In recent years, the application of advanced technologies in underwater environments has gained significant momentum, driving innovation across various fields such as marine science, underwater robotics, and ocean resource exploration. To overcome the complex conditions inherent in underwater environments, new technical approaches have been emphasized to enable more accurate data acquisition, thereby enhancing the efficiency of underwater exploration and monitoring. Among these advancements, 3D shape reconstruction of underwater objects has emerged as a key area of interest, as it enables more precise analysis of marine environments. However, accurately reconstructing 3D shapes underwater presents numerous challenges due to environmental factors such as light absorption and scattering, motion blur, color distortion, and differences in perceived distance compared to in-air environments. These issues degrade visibility and introduce data distortion, making it difficult to obtain high-quality training data, which ultimately reduces reconstruction reliability [1].

Conventional methods have relied heavily on sonar-based sensing and traditional voxel or mesh-based representations [2]-[4]. Camera-based approaches also require complex preprocessing due to sensor configurations and underwater noise, often resulting in increased cost and time [5]-[7].

To address these limitations, recent studies have explored deep learning techniques for underwater image modeling and rendering [8]-[10]. While GAN-based models have shown promise in removing noise from low-quality images, they face limitations in generating high-resolution images and often suffer from unstable training.

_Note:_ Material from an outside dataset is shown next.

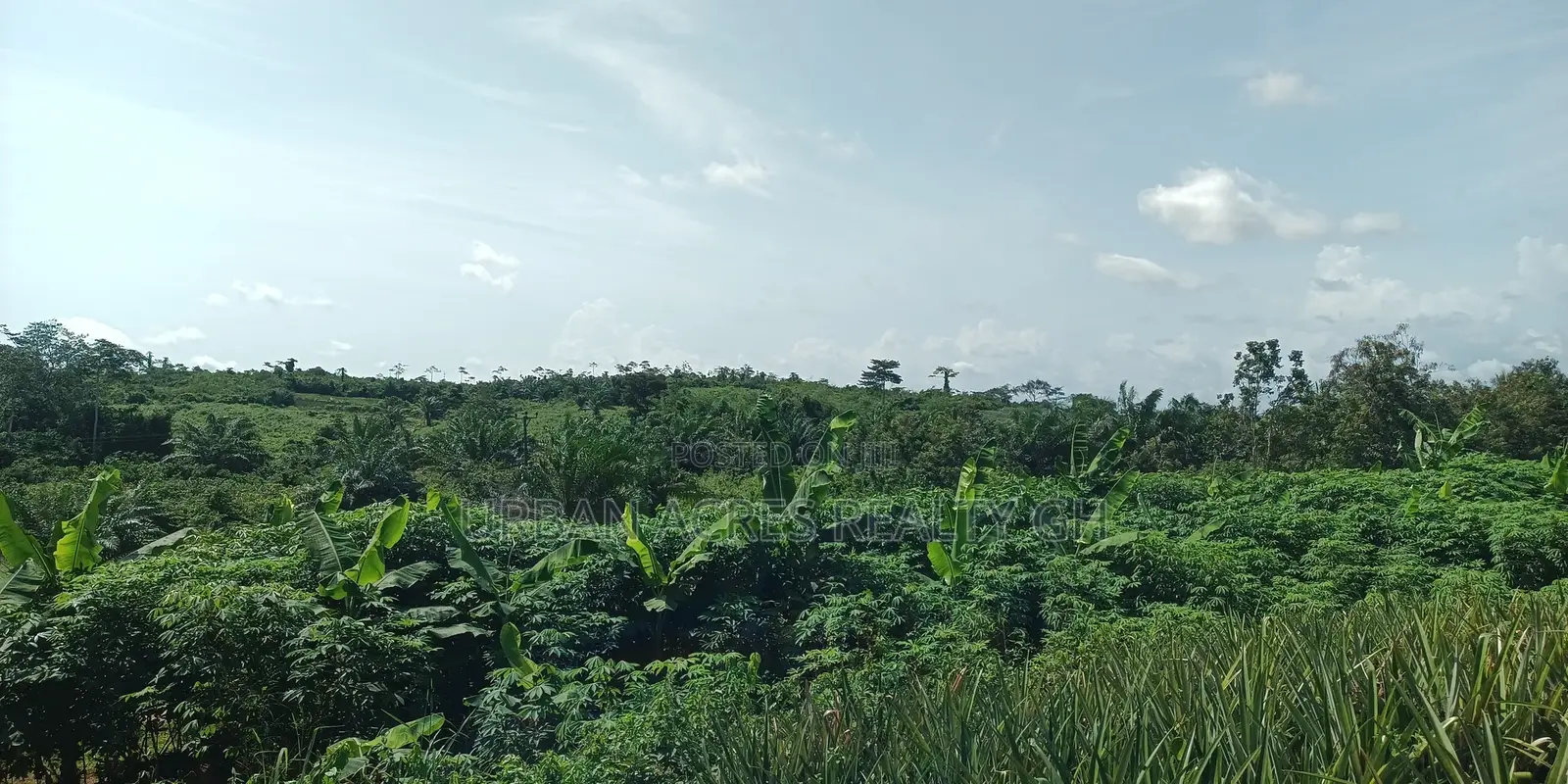 Western Region - Beposo (Dunkwa) _ 20+ Acres Farmland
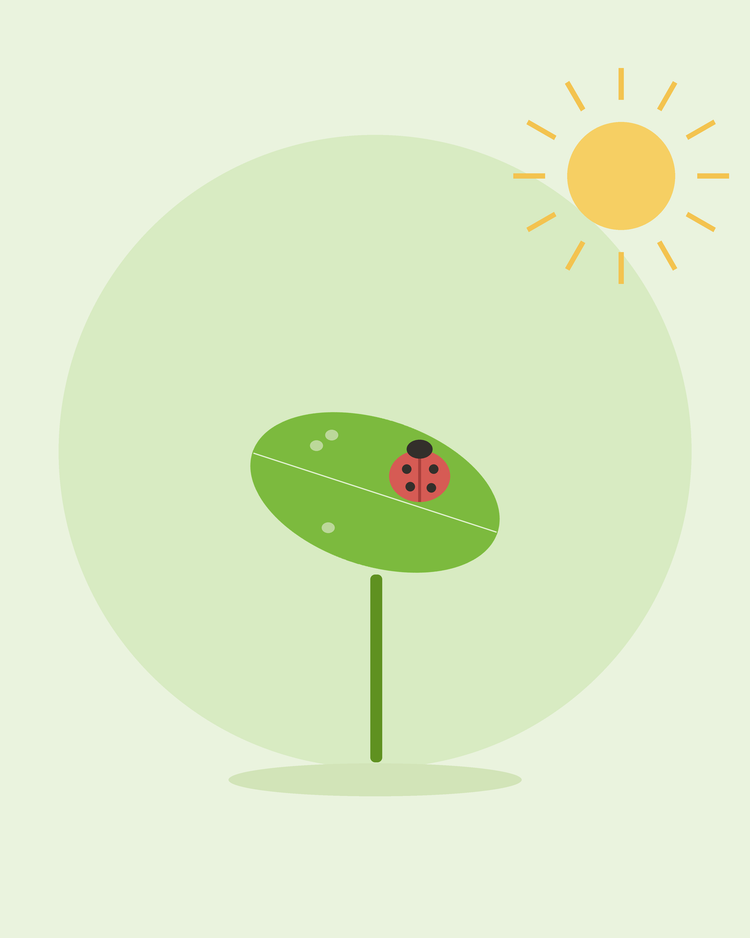 Ilustração plana de uma joaninha numa folha entre pulgões — como controlar as pragas mais comuns do jardim, da SeedsChoice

This study proposes a novel approach using Neural Radiance Fields (NeRF), a view synthesis model capable of generating novel views from images captured at discrete viewpoints [11]. We trained the model using selectively chosen underwater images with minimal noise, which helps compensate for the limited availability of high-quality data. By extracting spatial relationships between images, NeRF generalizes well across unseen views, making it effective for underwater scenarios.

Despite NeRF's ability to produce sharp and realistic 3D reconstructions, its long training time poses a barrier for real-time applications. To overcome this, we employ Instant NeRF, which significantly reduces training time to within a few minutes while maintaining reconstruction quality [12].

For evaluation, we captured monocular image data of the same anchor object in both underwater and terrestrial environments and performed 3D reconstruction. The results were quantitatively assessed using PSNR (Peak Signal-to-Noise Ratio), SSIM (Structural Similarity Index Measure), and LPIPS (Learned Perceptual Image Patch Similarity) by comparing reconstructed views with original images from the same viewpoint.

This study presents an efficient and reliable real-time 3D reconstruction method for underwater applications. The proposed approach holds strong potential for enhancing the perceptual capabilities of remotely operated underwater vehicles (ROVs), and for supporting various underwater inspection and maintenance tasks.


2. Network Structure

2.1 NeRF (Neural Radiance Fields)

In this study, the shape reconstruction technique employed is Neural Radiance Fields (NeRF), a neural network-based method that learns color information and volume density representing the interaction between objects and light in 3D space. A key feature of NeRF is its ability to take a small set of multi-view images as input and generate novel views of the object from unseen angles, effectively reconstructing a 3D shape. As illustrated in Figure 1, NeRF estimates the color and volume density at any point in 3D space based on the input 3D position (x, y, z) and the viewing direction (θ, ϕ) of the camera. Volume density is defined as the inverse of transparency, where higher values indicate more opacity and lower values indicate greater transparency. To generate the training data, NeRF uses rays that pass-through pixels in the input images, which are cast into the 3D scene.

Figure 1:

An overview of neural radiance field scene representation: (a) Sampling 5D coordinates (spatial location and viewing direction) from input images; (b) Feeding the sampled coordinates into an MLP to estimate color and volume density.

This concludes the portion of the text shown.